The defendant in his testimony admitted writing the notice dated 20th May, 2003 as well as having given a copy of the said letter to two other people namely Damalie Nalongo and Wasswa. But he denied referring to the plaintiff as a rumormonger. The general rule is that admissions by a party to a proceeding are admissible against him or her. They are however, not admissible in favour of such party, to disprove the truth of the fact stated. But when an admissions is tendered against a party he or she s entitled to have proved as part of his adversary’s case, so much of the whole statement or document containing the admission, as is necessary to explain the admission although such other parts may be favourable to him. Zarina Vs. Noshir  E.A. 239.
Court, would ordinarly, require the plaintiff to prove that he or she has been defamed in the eyes of the community or within a defined group within the community. And according to the plaintiff, PW1 who is now the respondent, gave evidence that the publication of the letter to so many other people, including her own employees at the restaurant, damaged her dignity as well as her business. The above notwithstanding, court of the view that, the above letter reflected negatively on the respondent’s character, morality, or integrity and is, therefore, defamatory. Court would agree with the finding by the trial court to that extent.
Whether The Appellant uttered defamatory statements on Radio Simba?
The respondent testified that, she was listening to Radio Simba when the issue was broadcast. Having known the appellant for a long time, she easily identified his voice. The respondent also called two other witnesses PW2 and PW3. PW2, Peter Zziwa testified that, while listening to Radio Simba, on the day in question, the news reader introduced the appellant, who subsequently narrated a story relating to the matter constituting this case. Peter Zziwa easily identified the appellant’s voice because he knew him very well. The respondent also called PW4, a former presenter on Radio Simba, who testified that the appellant came to Radio Simba and wanted to broadcast news to the effect that the respondent wanted to poison him through her workers. He testified that among other things the appellant stated that the respondent used to steal electricity. PW4 recorded both the appellant’s and the respondent’s stories.

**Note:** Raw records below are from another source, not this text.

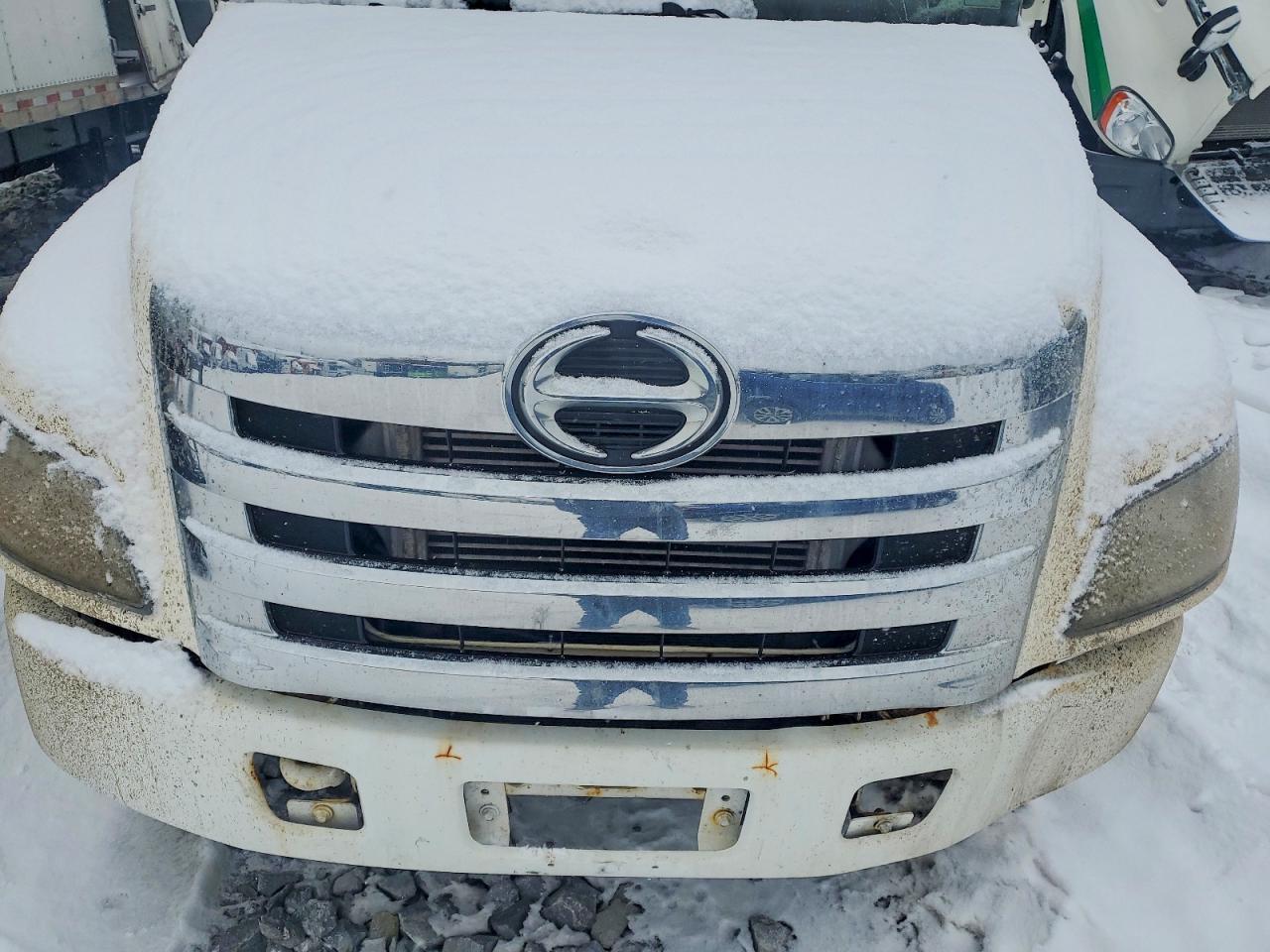 2014 Hino 268 Flatbed Truck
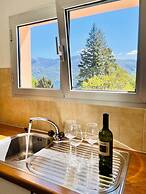 Sunny Modern Apartment Lake View Relax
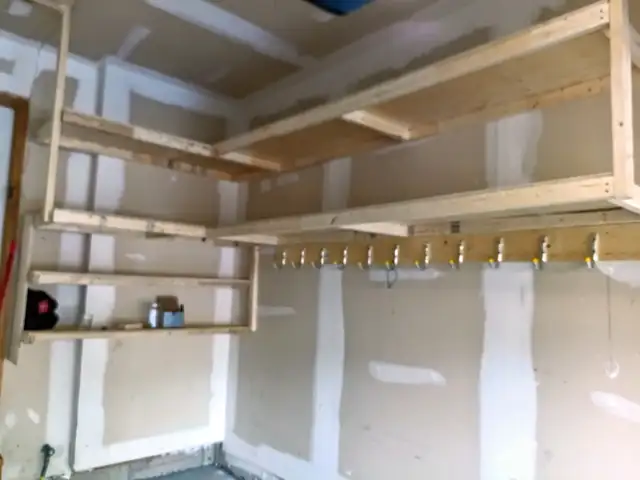 Handyman590081366667438089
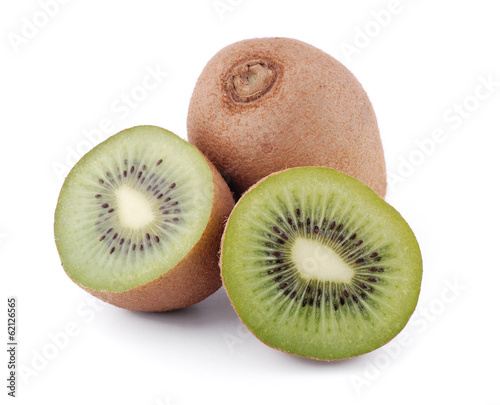 frutti di kiwi isolati su sfondo bianco
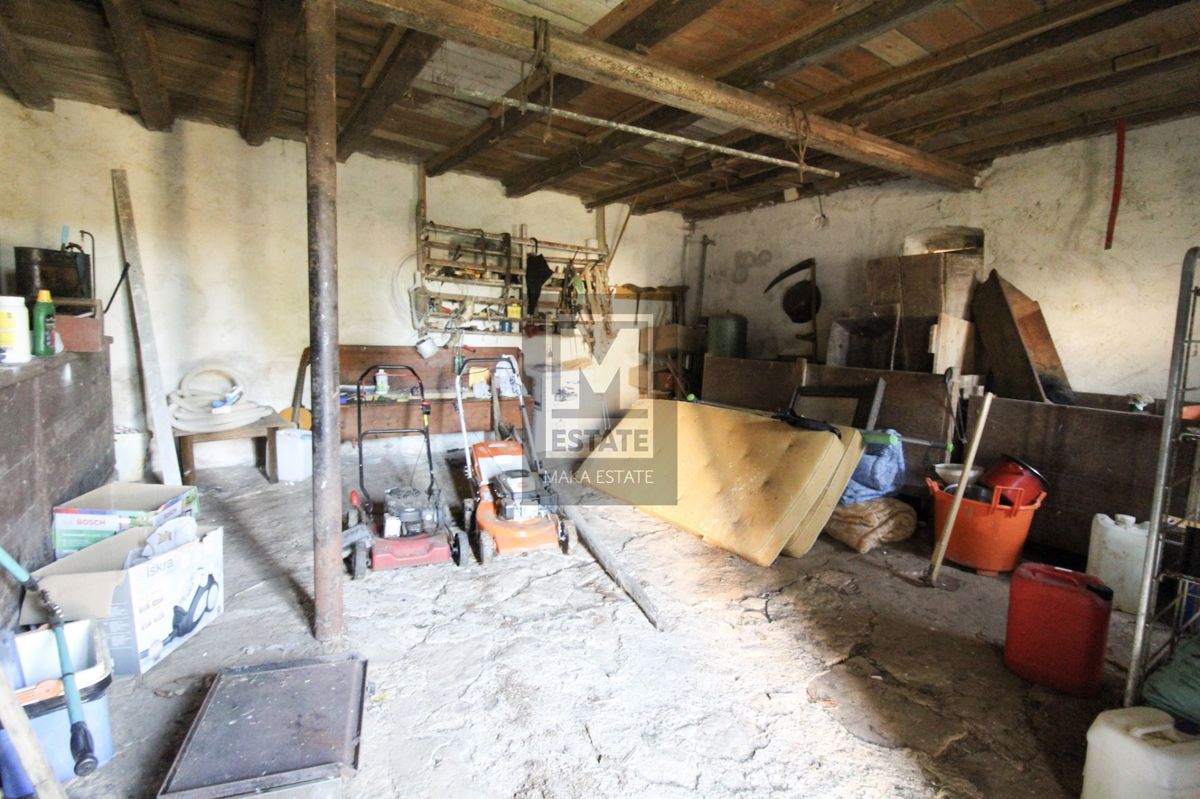 Parenzo, dintorni, Casa con giardino per adattamento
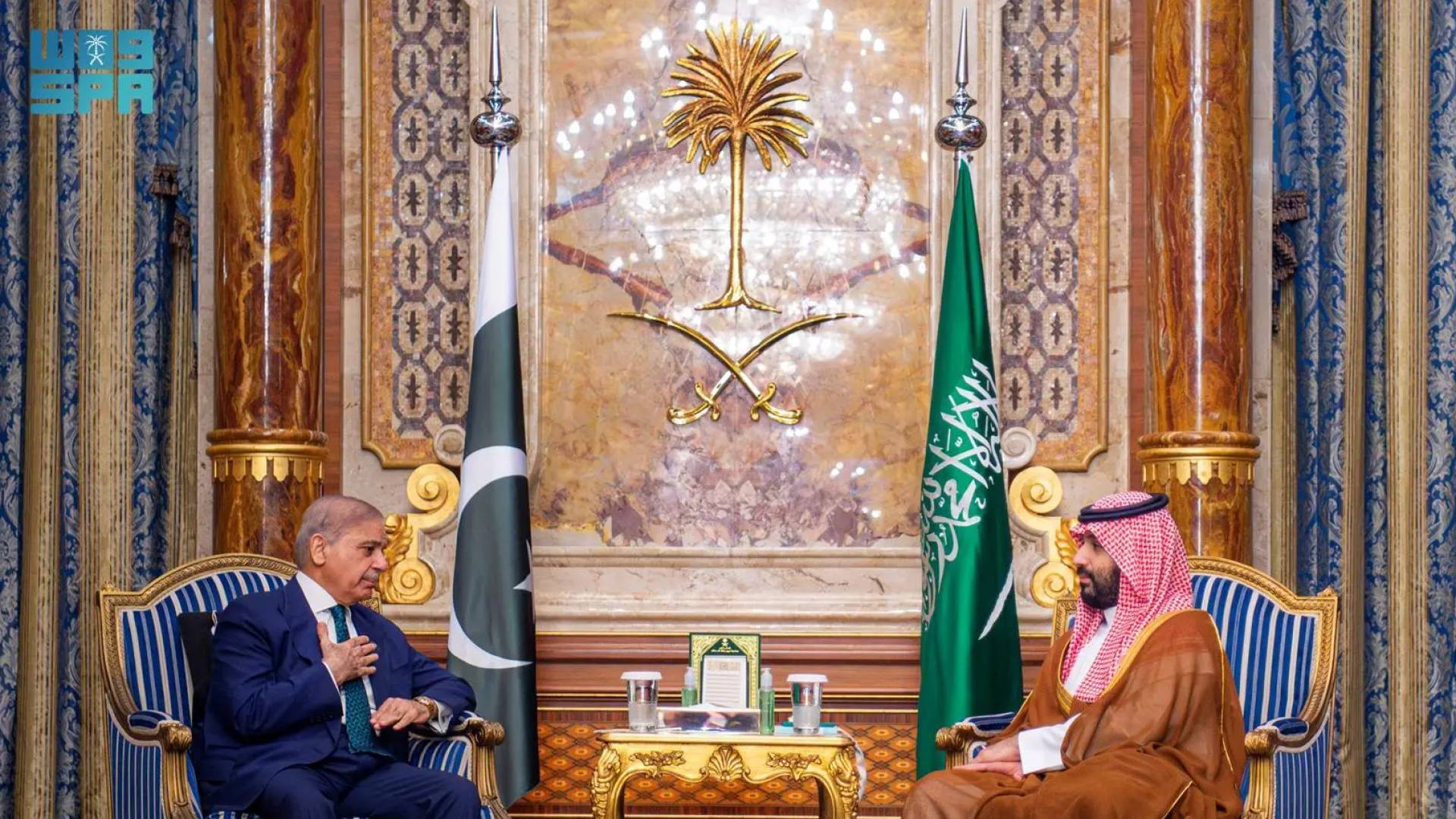 ولي العهد السعودي محمد بن سلمان ورئيس وزراء الباكستاني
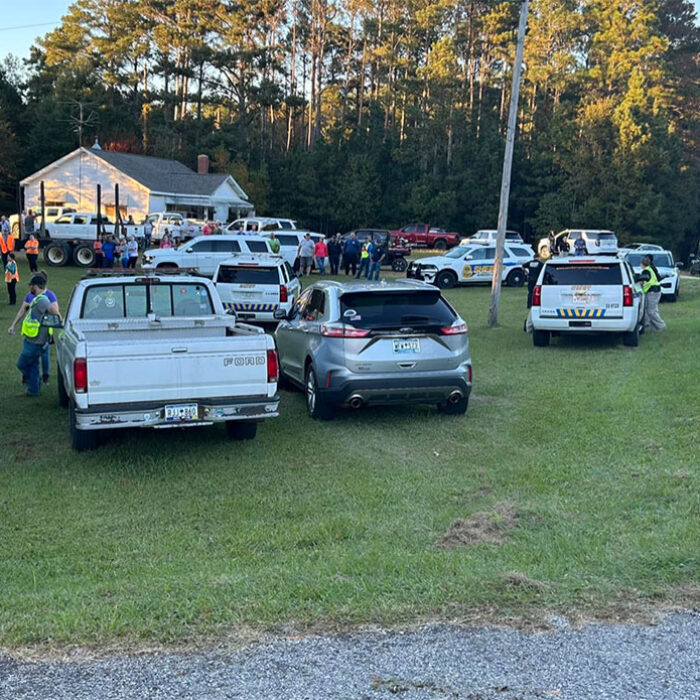 deer hunter finds missing girl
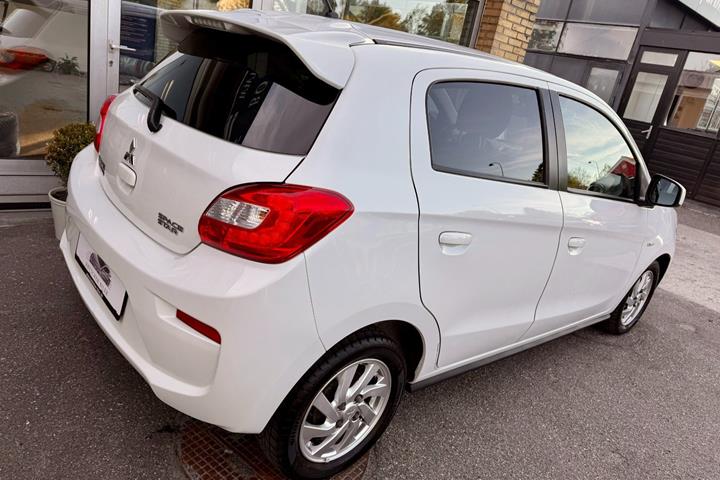 Hvid Mitsubishi Space Star fra 2016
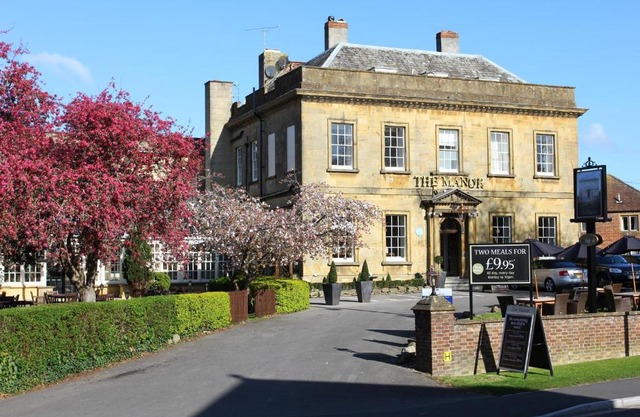 Manor Hotel by Greene King Inns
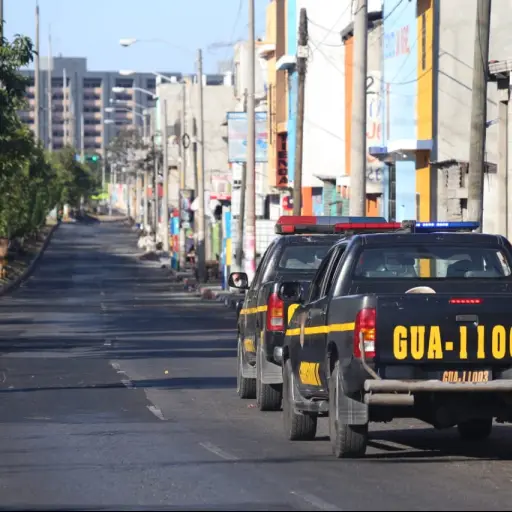 Transito toque de queda Emisoras Unidas Guatemala ,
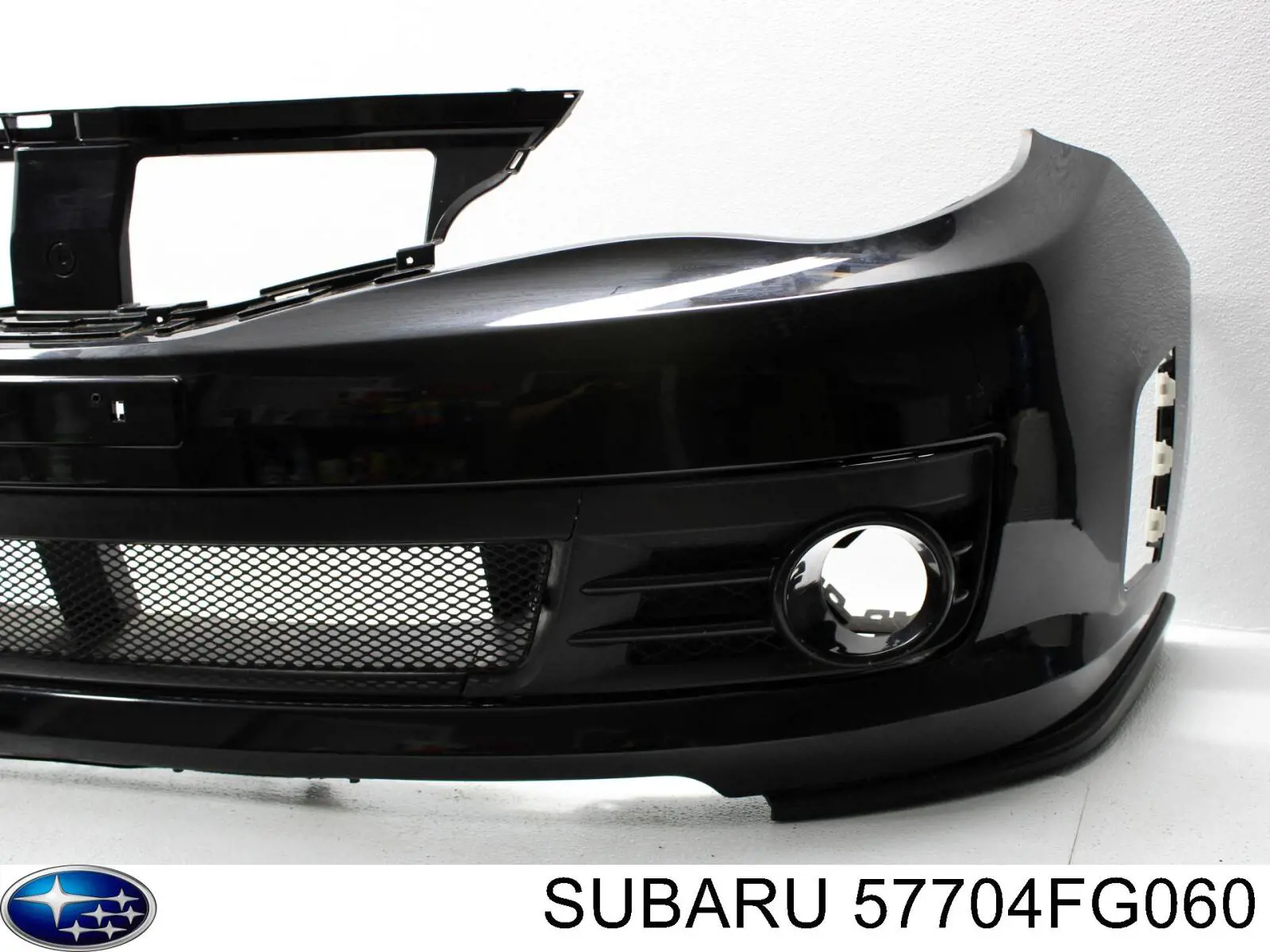 Передній бампер 57704FG060 Subaru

The appellant in his testimony admitted that one Kyomuhendo, one of the respondent’s witnesses, had told him about the respondent’s plan to poison him and his elder son. But he denies uttering the above words on Radio Simba a denial court cannot believe in the circumstances. The appellant can not then deny that be believed says the radio broadcast was a mere fabrication, completely unknown to him.
The trial, magistrate, therefore, correctly, in my view, even in the absence of the actual tape on which the recording were made, decided correctly that the appellant uttered the words complained about on Radio Simba and that those words were defamatory of the respondent.
Whether The Awarding Of General Damages Was Appropriate.
Court, without delving into the question of adequacy, of the Shs. 1,500,000/= awarded as general damages since the question was never raised in the appeal, finds that, the trial court was justified to award general damages to the respondent in principle.
All in all, therefore, there is absolutely no merit in this appeal. It is dismissed. The Respondent shall recover her costs in this court as well as in the court below.